Children are also remarkably plastic and malleable in a wonderful way.

Sengupta adds that the first two years of a child's life help shape their confidence and sense of self, so it's crucial to give that child a strong foundation from the beginning. Even if there are issues in those first two years, however, children are still resilient enough to overcome a troubling set of circumstances once their situation turns around, he says.

"If there is something really off about that relationship in that first year or two, that is something that can alter the way that a young child's personality can develop," he says. "But it's important to remember that children are also remarkably plastic and malleable in a wonderful way. Just because they had a bad initial year or two doesn't mean they can't resiliently bounce back."

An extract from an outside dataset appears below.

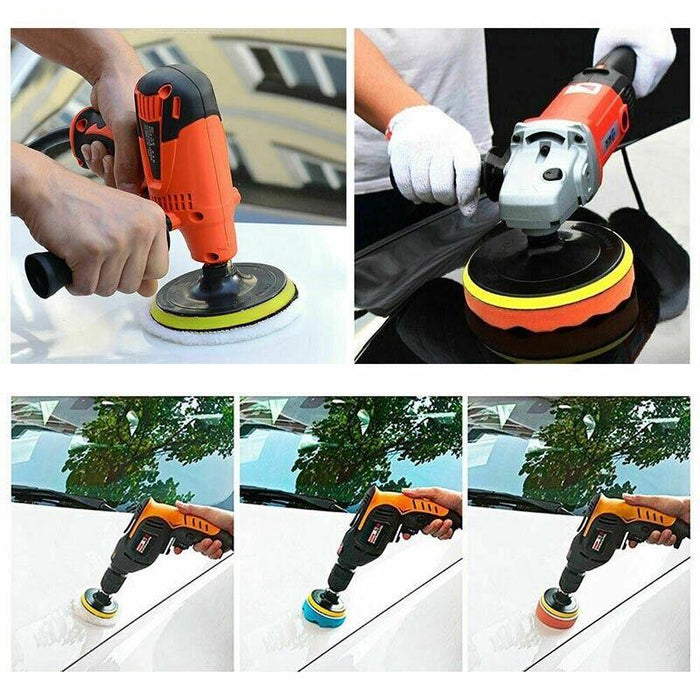 22pcs 3" Buffing Waxing Polishing Sponge Pads Kit Set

This gives me a lot to consider about my son's first year of life. He turned 1 in August, and I've been trying to wrap my head around all of the things I might have done to inject anxiety into his life thus far. Did I shriek too loudly when he almost swallowed a puffy sticker a few weeks ago, implying to him that all choking hazards will result in certain death? Did I follow him a little too closely at Gymboree after an older kid got in his face and snatched his pacifier out of jealousy? I can't do anything about the past, but I can be aware of my tendencies going forward, and ultimately have a conversation with him about real and imagined fears that have plagued me my entire life.

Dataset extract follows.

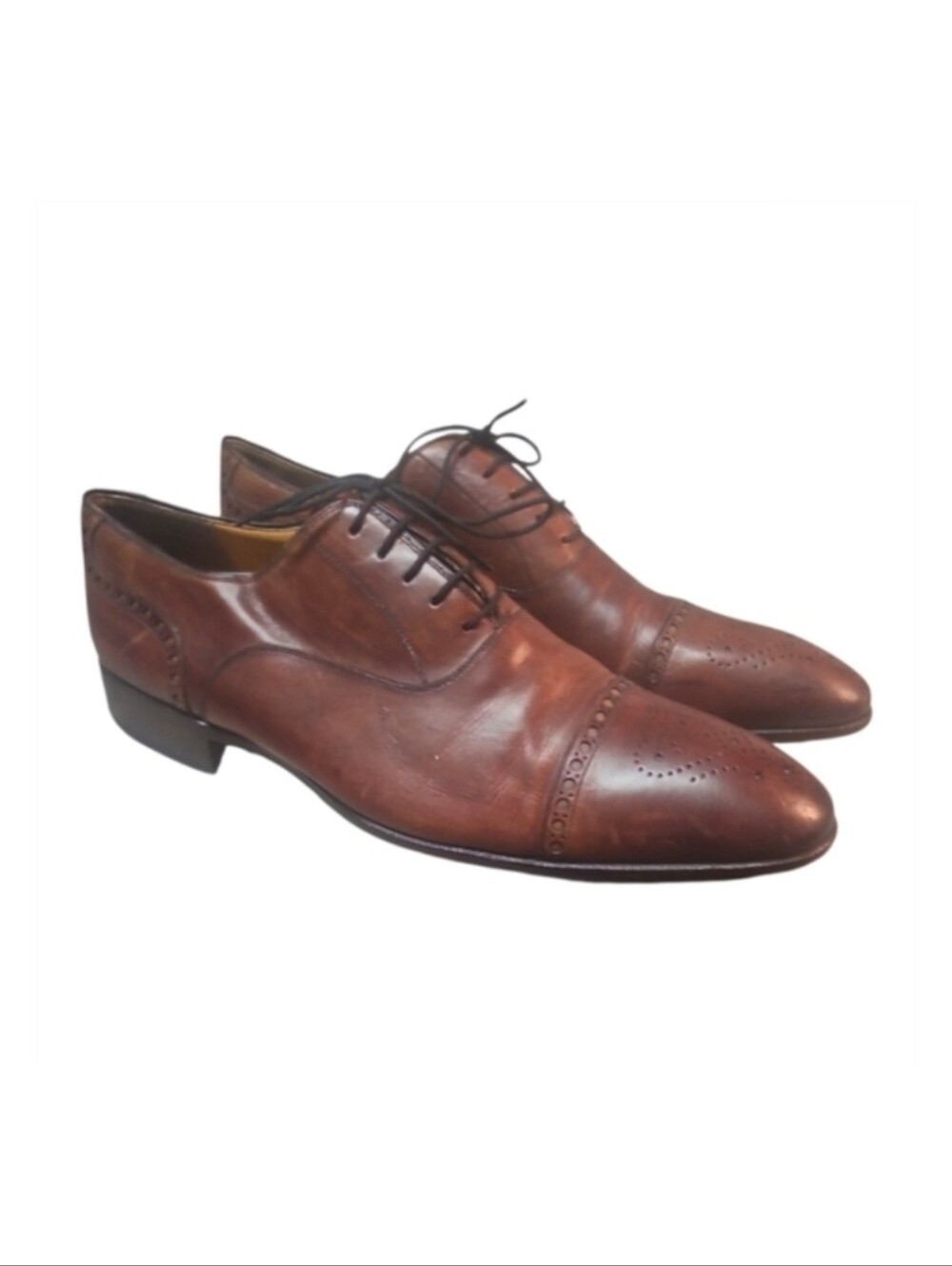 MAGNANNI | Brown Cap-Toe Oxford Dress Shoes – Men’s Size 12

I recently took my son to library story time for the first time ever, and as he squirmed out of my arms and onto the floor with a crowd of little ones, I had to fight the instinctive helicopter parenting urge to crawl over to him and keep any potential trouble between other babies at bay. Aside from some tug-of-war over a toy, he loved being around kids his age, and who am I to deprive him of that? I don't want him to be afraid of new, potentially scary experiences, even if I still hold those very fears true to my heart.